A quick google reveals that you're trading the SPYX ETF which tracks the price of a basket of fossil fuel companies. They'll tend to be a proxy for the combined price of natural gas, coal and oil. Personally, I would check to see if one of these prices dominates the others - there's no point keeping an eye on the coal price if an oil company makes up three-quarters of the fund.

On the next line down, you have a SELL with a green dot on it. The order you're placing is a short, i.e. you want the price to go down. Your position size is 5. No currency is given here so I would assume 5 of whatever currency your account is in per one cent movement in the EFT price. Let's say dollars for simplicity.

Next along is 'STP LMT'. You're placing a stop-limit order with a stop of 58.00 and a limit of 58.00. The GTC means "Good 'til Cancelled".

The stop-limit order means that when the price moves below 58.00 the order becomes a limit order. The limit of 58.00 means that the price has to be at or move below 58.00 to be executed. See https://www.investopedia.com/terms/s/stop-limitorder.asp and I would double check the documentation for your platform for the exact details of how that works with them.

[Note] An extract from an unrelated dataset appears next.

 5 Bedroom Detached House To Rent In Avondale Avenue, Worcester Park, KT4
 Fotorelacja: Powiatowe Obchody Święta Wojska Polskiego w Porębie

On top of that, the box below is attaching two additional orders to the first. These will only become orders if the main stop-limit order is executed.

The first line is the LMT (a normal limit) order at 57.00. If the price drops to or below 57.00 the trade is closed and you'll bank around $500 profit (depending on slippage).

The second line is the STP (a normal stop) order at 59.00. If the price increases to or above 59.00 the trade is closed and you'll lose around $500 (depending on slippage).

If either the STP or LMT orders are executed then the trade is closed and the one that wasn't executed will be cancelled.

The box at the very top (BID MID ASK) seems to be allowing you to determine which price you're using for the order. In this case, you've taken the default MID price. As this is an ETF I wouldn't expect the BID or ASK price to get very far from one another, but if the market moves really fast it's possible.